▶ [DATA PROVIDED]:
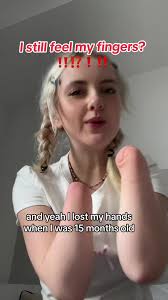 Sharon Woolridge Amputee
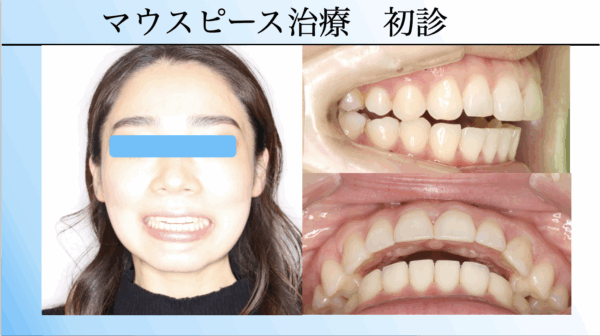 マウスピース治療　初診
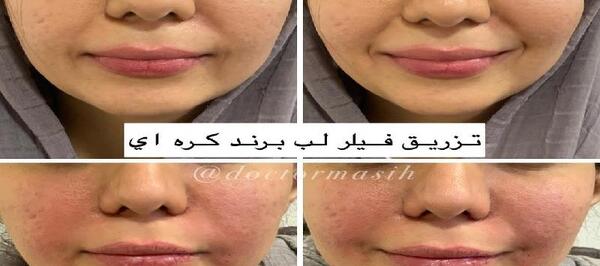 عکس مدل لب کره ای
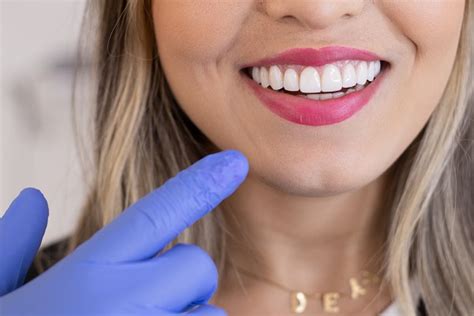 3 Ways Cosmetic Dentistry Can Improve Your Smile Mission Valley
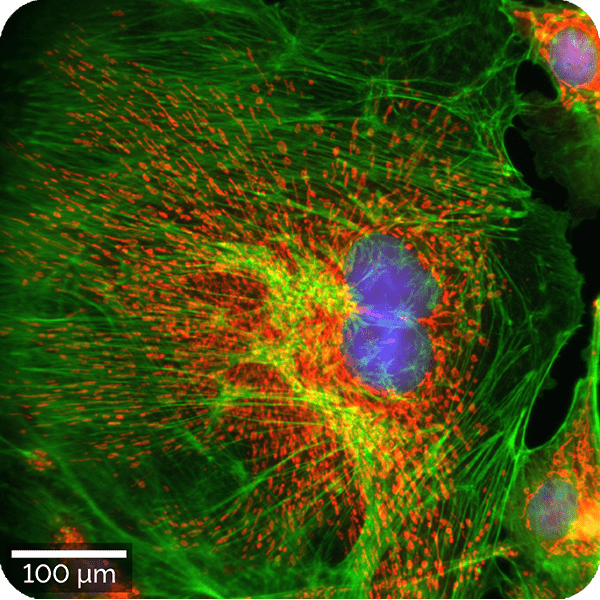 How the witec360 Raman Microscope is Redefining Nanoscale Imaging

...

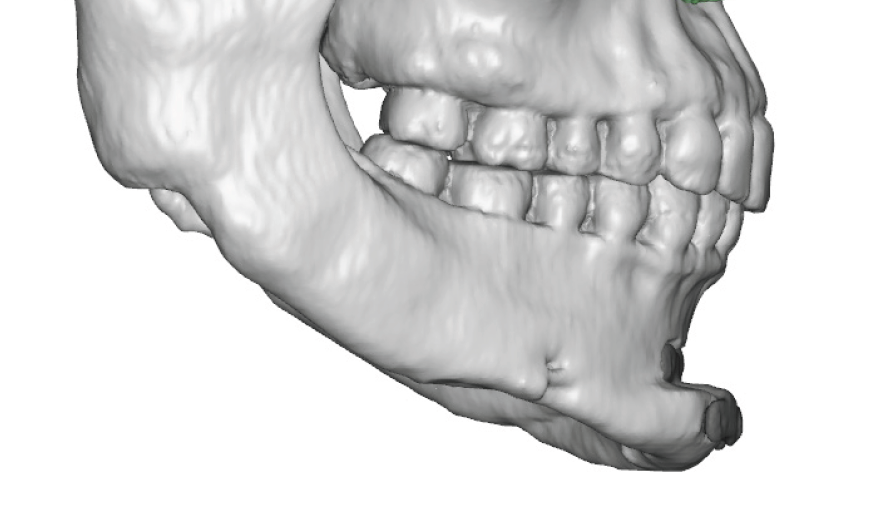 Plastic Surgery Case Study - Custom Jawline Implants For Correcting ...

▶ [ASSIGNMENT]:
All pictures are to be skipped. Output, word for word, the lines in the data above starting at the line containing "Sharon Woolridge Amputee" and ending at the line containing "How the witec360".

▶ [TASK ANSWER]:
 Sharon Woolridge Amputee
 マウスピース治療　初診
 عکس مدل لب کره ای
 3 Ways Cosmetic Dentistry Can Improve Your Smile Mission Valley
 How the witec360 Raman Microscope is Redefining Nanoscale Imaging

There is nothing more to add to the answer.